Gong Guangming1, Wu Juntao1*, Jiang Lei1,2   

  1. 1. Research Center for Biomimetic Smart Science and Technology, College of Chemistry and Environment, Beihang University, Beijing 100191, China;
    2. Institute of Chemistry, Chinese Academy of Sciences, Beijing 100190, China
  • Received:2010-07-01 Revised:2010-10-01 Online:2011-04-24 Published:2011-02-25

静电纺丝(electrospinning)是一种制备纳米尺度连续长丝的便捷高效的纺丝技术,其应用前景相当广阔。聚酰亚胺(polyimide, PI)是一类具有广泛应用的耐高温、高强度、综合性能优异的高分子材料。近10年来,利用电纺制备PI新型材料的报道层出不穷,包括利用PI电纺纤维为前躯体制备碳纤维材料,电纺制备PI纳米复合材料,电纺制备轻质高强度PI材料等。本文对国内外关于此方面的研究进行了分类和详尽的综述,同时对电纺PI的发展方向作了展望。

关键词: 静电纺丝, 聚酰亚胺, 纳米纤维, 纳米复合材料

Electrospinning provides a simple and versatile method for generating continuous ultra-thin fibers.

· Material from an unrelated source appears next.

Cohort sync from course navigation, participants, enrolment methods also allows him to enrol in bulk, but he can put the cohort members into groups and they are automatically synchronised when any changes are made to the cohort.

The technique is not only a focus of intense academic investigation, but is also increasingly being applied in industry. Polyimide is a widely used polymer with high thermal stability, high toughness and comprehensive performances. In the last 10 years, reports on preparation of novel PI materials through electrospinning sprung out, including fabrication of carbon fibers by carbonizing the electrospun PI nano-fiber precursor, fabrication of electrospun PI fibrous nanocomposites, fabrication of light and tough electrospun PI fibrous materials, etc. This review summarizes the recent work in polyimide electrospinning. The research prospects and directions of this rapidly developing field are also briefly addressed.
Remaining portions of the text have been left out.